“Until you can recognize that you are living a racialized life and you’re having racialized experiences every moment of every day, you can’t actually engage people of other races around the idea of justice”
– Whitney Dow
As our schools become more diverse, cultural responsiveness is an increasingly important skill for teacher efficacy and children’s success. Substantial research indicates that Black children have distinct, unique learning styles and preferences. When we create classroom environments that meet the learning needs of Black children, we create opportunities for them to excel through effective pedagogy, strategies and best practices.

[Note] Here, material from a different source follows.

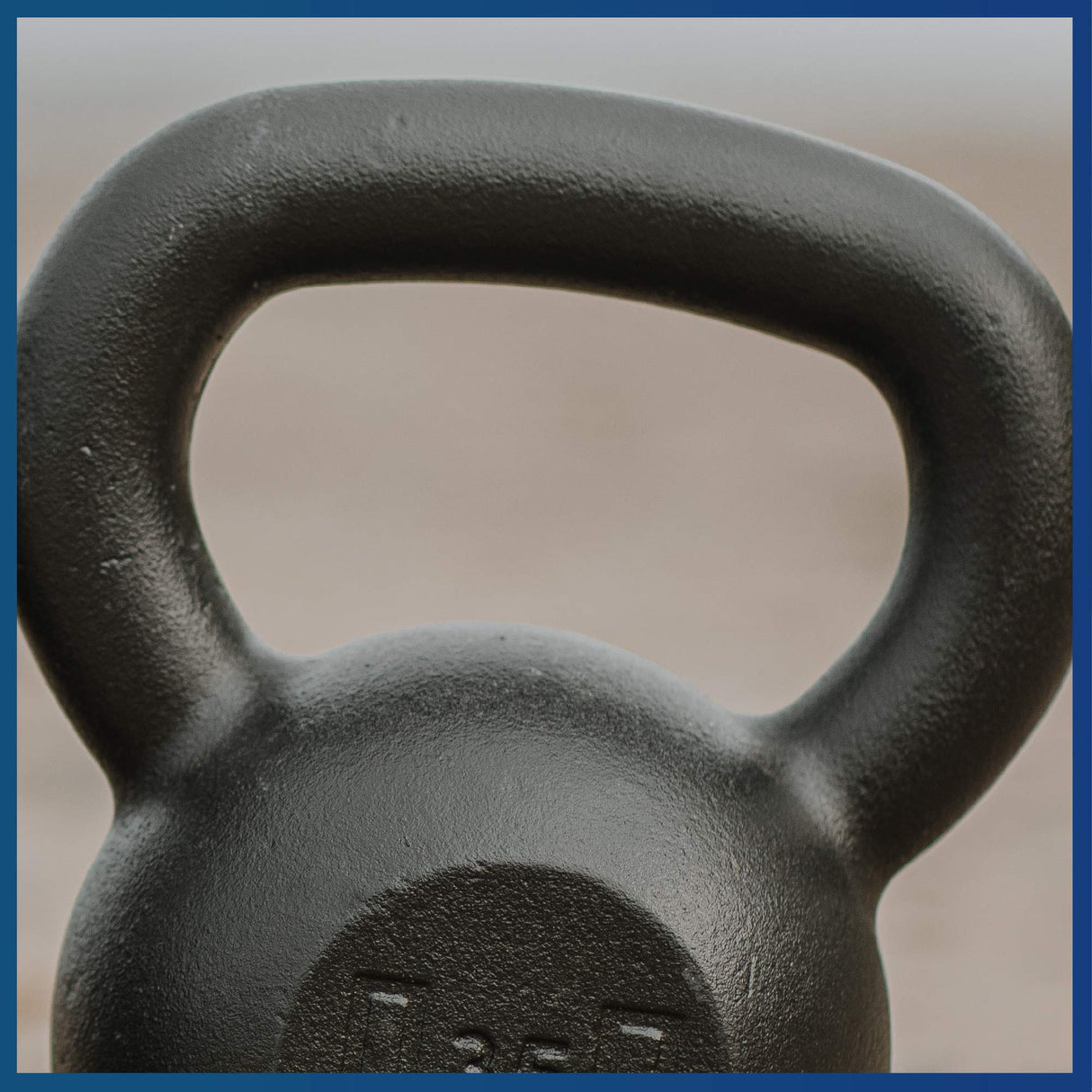 POWDERCOATED Kettlebell [Weight 35lb, 16kg] Kettlebells For Men and Women with Wide Grip Handle – Kettle bell Core Fitness, Home Gym, Strength Training, Fitness Equipment, Muscle Building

Held in the historic Bertha Knight Landes Room at Seattle City Hall, the Hilltop Educator Institute hosted it’s biggest workshop to-date with over 100 educators, politicians, and youth advocates gathered to listen to local author, Dr. Debra R. Sullivan present her book titled “Cultivating the Genius of Black Children” on May 8th, 2018. As the sun began to set, Seattle City Councilmember Lisa Herbold, of District 1, kicked things off with a proclamation announcing May 8th, 2018 as official “Hilltop Educator Institute Day” named in part to honor Hilltop’s efforts in examining systems of power and improving educational outcomes for marginalized communities, and working to engage and activate the Seattle early childhood community.

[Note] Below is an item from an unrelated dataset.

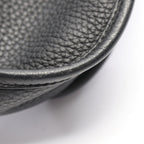 Hermes Shoulder Bag Evelyne 3 Trois PM Black Leather — view 6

Over the years, there has been much attention given to the achievement gap (also sometimes referred to as the opportunity gap) between white and minority students, especially African American children. Using research and years of experience, Dr. Sullivan broke down the cultural influences on children’s learning styles and provided practical approaches to helping Black children thrive in the classroom. For Black children, which Dr. Sullivan defines as those of African descent, she described the disconnect between learning preferences and learning environments that must be bridged before the achievement gap can be closed. She stressed the importance of increasing adults’ and educators’ cultural intelligence, in order to work effectively across the many different learning styles in our classrooms, and develop closer relationships with Black parents and families.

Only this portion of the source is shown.